BEGIN Data section

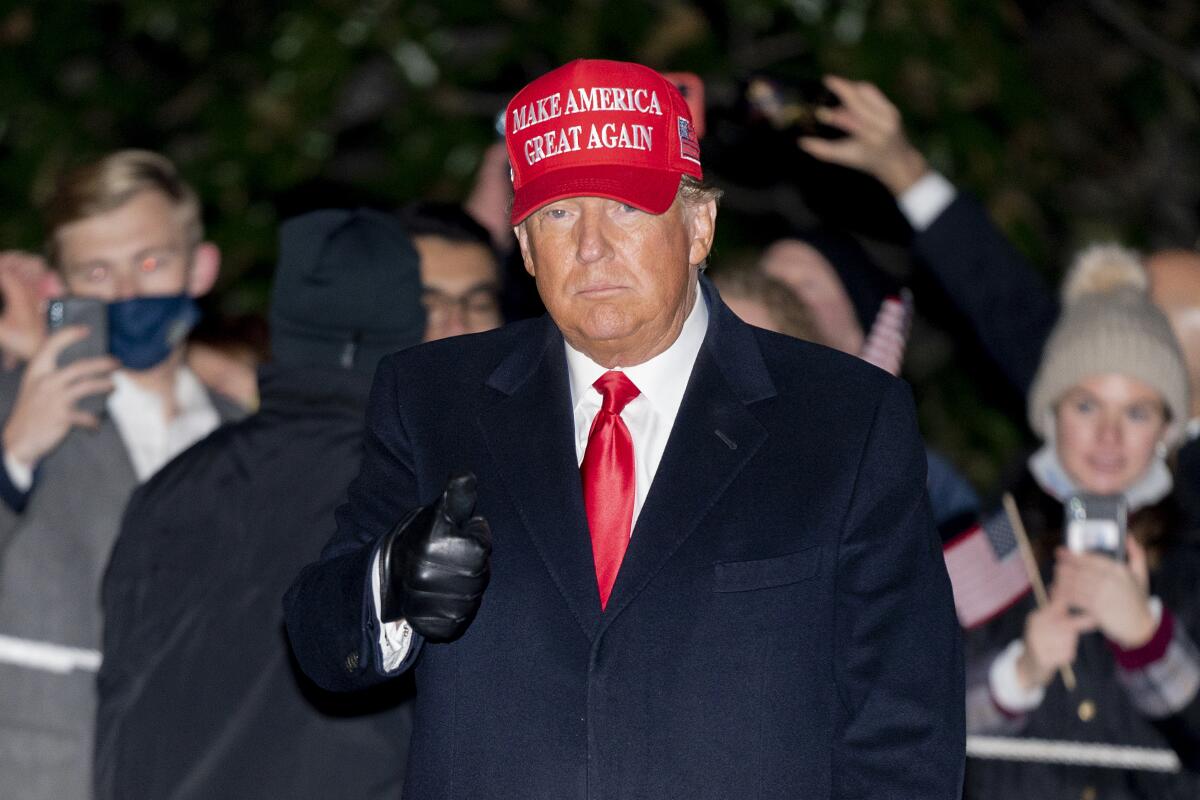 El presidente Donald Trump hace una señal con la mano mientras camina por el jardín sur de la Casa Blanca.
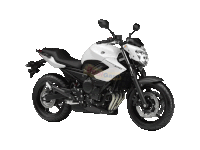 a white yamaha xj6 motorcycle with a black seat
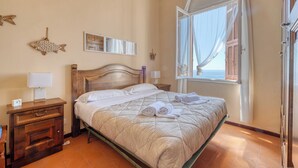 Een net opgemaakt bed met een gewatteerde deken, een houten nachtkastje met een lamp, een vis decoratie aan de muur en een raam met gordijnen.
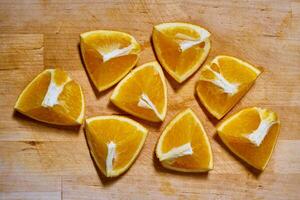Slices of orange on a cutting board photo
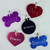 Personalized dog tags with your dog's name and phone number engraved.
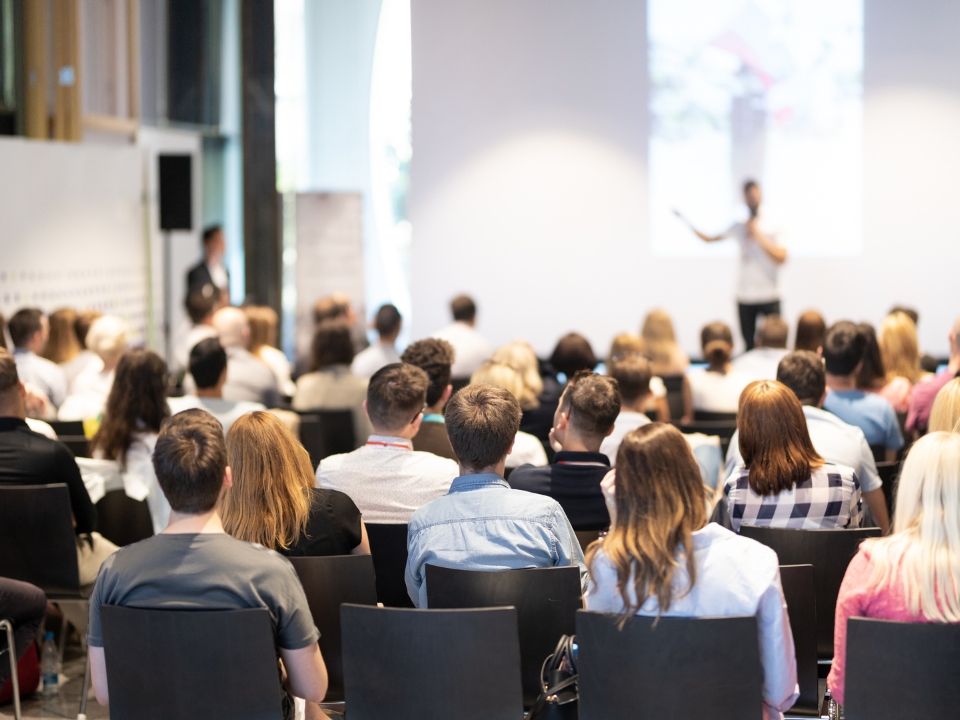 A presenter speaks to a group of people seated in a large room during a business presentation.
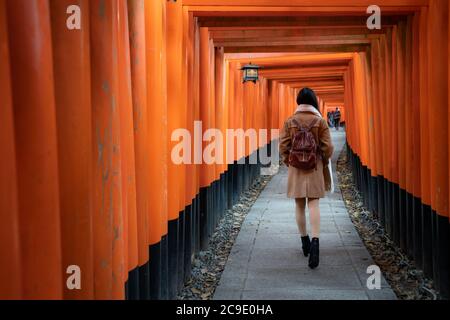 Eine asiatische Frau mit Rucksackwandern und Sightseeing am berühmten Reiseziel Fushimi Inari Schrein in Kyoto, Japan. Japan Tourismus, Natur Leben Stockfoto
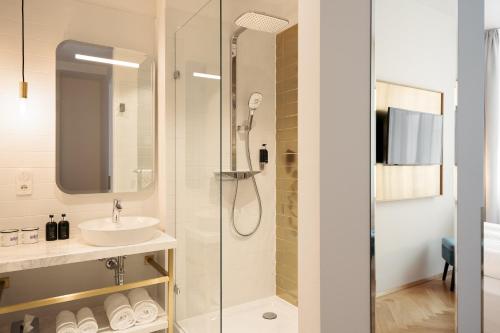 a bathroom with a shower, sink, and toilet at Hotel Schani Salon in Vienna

END Data section

Where a picture appears in the listing above, skip it and set down all the rest exactly.

**Exercise output:**
 El presidente Donald Trump hace una señal con la mano mientras camina por el jardín sur de la Casa Blanca.
 a white yamaha xj6 motorcycle with a black seat
 Een net opgemaakt bed met een gewatteerde deken, een houten nachtkastje met een lamp, een vis decoratie aan de muur en een raam met gordijnen.
Slices of orange on a cutting board photo
 Personalized dog tags with your dog's name and phone number engraved.
 A presenter speaks to a group of people seated in a large room during a business presentation.
 Eine asiatische Frau mit Rucksackwandern und Sightseeing am berühmten Reiseziel Fushimi Inari Schrein in Kyoto, Japan. Japan Tourismus, Natur Leben Stockfoto
 a bathroom with a shower, sink, and toilet at Hotel Schani Salon in Vienna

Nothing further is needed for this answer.